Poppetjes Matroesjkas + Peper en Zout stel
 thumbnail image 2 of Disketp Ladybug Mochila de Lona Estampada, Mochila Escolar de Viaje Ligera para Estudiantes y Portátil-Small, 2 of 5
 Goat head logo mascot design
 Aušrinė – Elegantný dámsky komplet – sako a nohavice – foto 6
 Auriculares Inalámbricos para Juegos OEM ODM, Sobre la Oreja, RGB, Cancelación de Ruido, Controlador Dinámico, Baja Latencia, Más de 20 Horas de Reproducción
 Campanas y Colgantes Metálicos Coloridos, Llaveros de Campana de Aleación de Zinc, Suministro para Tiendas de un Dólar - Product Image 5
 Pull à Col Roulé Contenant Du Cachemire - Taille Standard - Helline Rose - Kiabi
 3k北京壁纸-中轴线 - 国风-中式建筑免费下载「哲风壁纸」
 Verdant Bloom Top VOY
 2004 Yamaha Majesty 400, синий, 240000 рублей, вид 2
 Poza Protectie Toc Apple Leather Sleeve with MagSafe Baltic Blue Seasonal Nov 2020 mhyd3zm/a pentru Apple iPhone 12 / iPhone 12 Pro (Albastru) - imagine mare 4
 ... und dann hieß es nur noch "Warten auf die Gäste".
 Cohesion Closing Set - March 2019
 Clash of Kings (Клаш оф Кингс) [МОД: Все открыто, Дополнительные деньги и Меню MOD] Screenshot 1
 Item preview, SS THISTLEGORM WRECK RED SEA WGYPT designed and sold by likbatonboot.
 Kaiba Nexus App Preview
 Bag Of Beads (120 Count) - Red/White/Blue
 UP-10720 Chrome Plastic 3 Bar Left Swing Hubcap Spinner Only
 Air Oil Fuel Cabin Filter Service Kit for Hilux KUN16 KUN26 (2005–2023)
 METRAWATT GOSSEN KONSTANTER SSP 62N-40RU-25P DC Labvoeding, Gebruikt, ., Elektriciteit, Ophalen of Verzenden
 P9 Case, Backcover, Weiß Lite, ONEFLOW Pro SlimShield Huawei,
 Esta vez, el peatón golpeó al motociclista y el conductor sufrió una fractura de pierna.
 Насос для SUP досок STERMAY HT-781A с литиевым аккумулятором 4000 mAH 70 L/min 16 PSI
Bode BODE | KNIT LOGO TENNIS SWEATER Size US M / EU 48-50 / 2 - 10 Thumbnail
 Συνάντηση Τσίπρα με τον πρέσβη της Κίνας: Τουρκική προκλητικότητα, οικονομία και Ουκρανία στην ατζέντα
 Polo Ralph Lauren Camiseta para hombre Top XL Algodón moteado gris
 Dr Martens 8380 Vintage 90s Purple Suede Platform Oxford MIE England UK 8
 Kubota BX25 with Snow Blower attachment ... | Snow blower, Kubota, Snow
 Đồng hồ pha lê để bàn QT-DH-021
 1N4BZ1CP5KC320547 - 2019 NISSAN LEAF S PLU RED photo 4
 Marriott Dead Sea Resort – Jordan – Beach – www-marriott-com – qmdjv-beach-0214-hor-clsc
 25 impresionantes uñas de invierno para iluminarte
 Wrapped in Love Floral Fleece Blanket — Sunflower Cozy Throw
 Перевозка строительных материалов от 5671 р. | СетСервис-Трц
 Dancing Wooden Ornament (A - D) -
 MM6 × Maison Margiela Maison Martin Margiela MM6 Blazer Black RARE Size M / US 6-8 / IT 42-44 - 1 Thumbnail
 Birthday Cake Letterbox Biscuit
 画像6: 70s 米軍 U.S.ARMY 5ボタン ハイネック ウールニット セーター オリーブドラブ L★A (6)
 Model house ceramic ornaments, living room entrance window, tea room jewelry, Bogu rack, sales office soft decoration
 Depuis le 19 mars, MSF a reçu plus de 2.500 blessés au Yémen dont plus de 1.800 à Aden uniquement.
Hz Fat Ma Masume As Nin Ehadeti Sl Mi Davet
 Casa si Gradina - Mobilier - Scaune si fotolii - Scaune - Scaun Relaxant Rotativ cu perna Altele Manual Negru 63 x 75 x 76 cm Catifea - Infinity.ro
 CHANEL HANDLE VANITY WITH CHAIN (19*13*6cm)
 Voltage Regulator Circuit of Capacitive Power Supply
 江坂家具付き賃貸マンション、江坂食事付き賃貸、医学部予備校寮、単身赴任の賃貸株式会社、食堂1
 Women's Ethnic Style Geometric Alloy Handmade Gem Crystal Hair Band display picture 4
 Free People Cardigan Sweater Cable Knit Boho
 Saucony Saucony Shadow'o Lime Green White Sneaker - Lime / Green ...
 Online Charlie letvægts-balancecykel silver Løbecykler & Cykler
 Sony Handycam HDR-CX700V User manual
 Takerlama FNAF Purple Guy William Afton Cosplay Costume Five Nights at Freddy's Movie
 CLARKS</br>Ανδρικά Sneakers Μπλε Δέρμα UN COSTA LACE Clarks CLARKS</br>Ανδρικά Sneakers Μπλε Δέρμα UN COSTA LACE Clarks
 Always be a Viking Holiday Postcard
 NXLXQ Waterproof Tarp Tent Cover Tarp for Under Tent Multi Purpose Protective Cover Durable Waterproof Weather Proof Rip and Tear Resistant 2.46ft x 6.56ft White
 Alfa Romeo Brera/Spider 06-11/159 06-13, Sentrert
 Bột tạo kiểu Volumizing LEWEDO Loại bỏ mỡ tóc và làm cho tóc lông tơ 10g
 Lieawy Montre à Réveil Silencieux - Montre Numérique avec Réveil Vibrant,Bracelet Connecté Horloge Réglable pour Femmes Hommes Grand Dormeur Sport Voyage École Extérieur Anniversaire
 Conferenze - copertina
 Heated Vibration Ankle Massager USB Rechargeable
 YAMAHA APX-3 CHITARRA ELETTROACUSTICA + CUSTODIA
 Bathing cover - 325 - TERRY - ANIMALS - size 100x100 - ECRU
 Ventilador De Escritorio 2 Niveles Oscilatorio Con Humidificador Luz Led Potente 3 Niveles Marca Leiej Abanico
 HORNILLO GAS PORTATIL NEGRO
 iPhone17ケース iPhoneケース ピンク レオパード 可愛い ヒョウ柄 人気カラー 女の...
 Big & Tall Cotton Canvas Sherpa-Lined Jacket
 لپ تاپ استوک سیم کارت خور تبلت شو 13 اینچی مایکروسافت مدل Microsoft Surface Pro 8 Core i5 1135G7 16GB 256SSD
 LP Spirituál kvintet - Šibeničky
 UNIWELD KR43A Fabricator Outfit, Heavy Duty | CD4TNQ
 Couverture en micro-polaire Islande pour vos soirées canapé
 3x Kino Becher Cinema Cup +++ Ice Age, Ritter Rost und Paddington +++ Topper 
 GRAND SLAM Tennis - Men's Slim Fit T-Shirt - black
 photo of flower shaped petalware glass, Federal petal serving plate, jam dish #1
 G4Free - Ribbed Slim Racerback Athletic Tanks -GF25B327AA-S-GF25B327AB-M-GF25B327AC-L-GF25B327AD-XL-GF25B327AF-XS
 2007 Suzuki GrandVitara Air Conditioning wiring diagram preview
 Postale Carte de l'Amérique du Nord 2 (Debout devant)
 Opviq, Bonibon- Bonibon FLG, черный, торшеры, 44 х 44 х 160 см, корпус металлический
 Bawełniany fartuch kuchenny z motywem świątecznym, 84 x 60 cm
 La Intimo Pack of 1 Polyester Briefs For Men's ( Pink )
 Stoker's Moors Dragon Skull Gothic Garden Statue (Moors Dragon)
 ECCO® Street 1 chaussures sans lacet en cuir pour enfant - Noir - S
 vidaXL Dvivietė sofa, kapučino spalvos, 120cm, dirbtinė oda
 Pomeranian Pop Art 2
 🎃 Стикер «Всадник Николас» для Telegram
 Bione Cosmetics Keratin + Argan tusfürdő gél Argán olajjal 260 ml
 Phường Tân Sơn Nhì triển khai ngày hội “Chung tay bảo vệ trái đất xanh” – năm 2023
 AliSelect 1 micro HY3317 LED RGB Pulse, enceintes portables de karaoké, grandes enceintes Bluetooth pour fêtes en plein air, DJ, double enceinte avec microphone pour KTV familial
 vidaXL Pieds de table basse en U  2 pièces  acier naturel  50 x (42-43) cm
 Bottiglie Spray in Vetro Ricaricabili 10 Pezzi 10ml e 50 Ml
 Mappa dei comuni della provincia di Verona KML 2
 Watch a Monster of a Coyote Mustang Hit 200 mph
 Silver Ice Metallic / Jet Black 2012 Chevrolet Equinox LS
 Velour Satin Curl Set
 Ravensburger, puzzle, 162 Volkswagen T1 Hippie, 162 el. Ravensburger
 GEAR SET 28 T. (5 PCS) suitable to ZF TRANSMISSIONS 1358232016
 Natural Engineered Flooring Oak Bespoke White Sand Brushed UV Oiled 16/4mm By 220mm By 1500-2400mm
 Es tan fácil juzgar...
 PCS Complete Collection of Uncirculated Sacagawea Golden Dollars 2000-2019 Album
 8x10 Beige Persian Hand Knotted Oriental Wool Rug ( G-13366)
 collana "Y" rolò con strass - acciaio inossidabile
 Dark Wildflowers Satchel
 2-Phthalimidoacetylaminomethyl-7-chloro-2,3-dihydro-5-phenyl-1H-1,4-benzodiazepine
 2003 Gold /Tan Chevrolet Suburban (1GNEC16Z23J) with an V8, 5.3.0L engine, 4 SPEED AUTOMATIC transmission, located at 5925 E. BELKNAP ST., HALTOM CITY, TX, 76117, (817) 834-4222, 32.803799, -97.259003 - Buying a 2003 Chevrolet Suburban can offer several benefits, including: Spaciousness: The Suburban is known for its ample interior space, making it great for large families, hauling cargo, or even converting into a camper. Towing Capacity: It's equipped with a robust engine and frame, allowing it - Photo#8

::::::

The task =>
Taking the material above, extract exactly and only the lines from the line with "thumbnail image 2" to the line with "Aušrinė – Elegantný", inclusive of both.

Exercise response =>
 thumbnail image 2 of Disketp Ladybug Mochila de Lona Estampada, Mochila Escolar de Viaje Ligera para Estudiantes y Portátil-Small, 2 of 5
 Goat head logo mascot design
 Aušrinė – Elegantný dámsky komplet – sako a nohavice – foto 6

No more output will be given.